Railway companies can interact with and control others in many ways. These relationships can be complicated by bankruptcies.
Often, when a railroad first opens, it is only a short spur of a main line. The owner of the spur line may contract with the owner of the main line for operation of the contractee's trains, either as a separate line or as a branch with through service. This agreement may continue as the former railroad expands, or may be temporary until the line is completed.
If the operating company goes bankrupt, the contract ends and the operated company must operate itself.
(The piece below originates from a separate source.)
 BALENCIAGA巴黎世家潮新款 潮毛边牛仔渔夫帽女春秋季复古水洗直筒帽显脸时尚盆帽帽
A major railroad may lease a connecting line from another company, usually the latter company's full system. A typical lease results in the former railroad (the lessee) paying the latter company (the lessor) a certain yearly rate, based on maintenance, profit, or overhead, in order to have full control of the lessor's lines, including operation.
If the lessee goes bankrupt, the lessor is released from the lease.
Most railroad companies are publicly traded with stocks. As the control the company, one railroad company can buy a majority of of another one in order to control it. Sometimes a bridge line, a railroad that has a majority of traffic coming from points not on its line, is owned equally by the companies that use it (via trackage rights).
Stock ownership does not automatically result in merge of operations, merely in friendly policies towards each other. Operating and leasing agreements typically require a more stringent approval process through the regulating body.
If the owned company goes bankrupt, its stock is worthless, and the owner no longer controls it (unless it buys it back at auction).
Consolidation happens when two railroad companies are consolidated. It is often the last step in an arrangement between two railroads, and is hard to undo, except in the case of bankruptcy, when different parts of the railroad may be sold to different buyers at auction.
Trackage rights (US), running rights or running powers (UK) is an agreement between railroad companies in which the owner of tracks grants another railroad company some use of them. These deals can be long- or short-term; can include the right to serve customers on the line or not; and can be exclusive or not.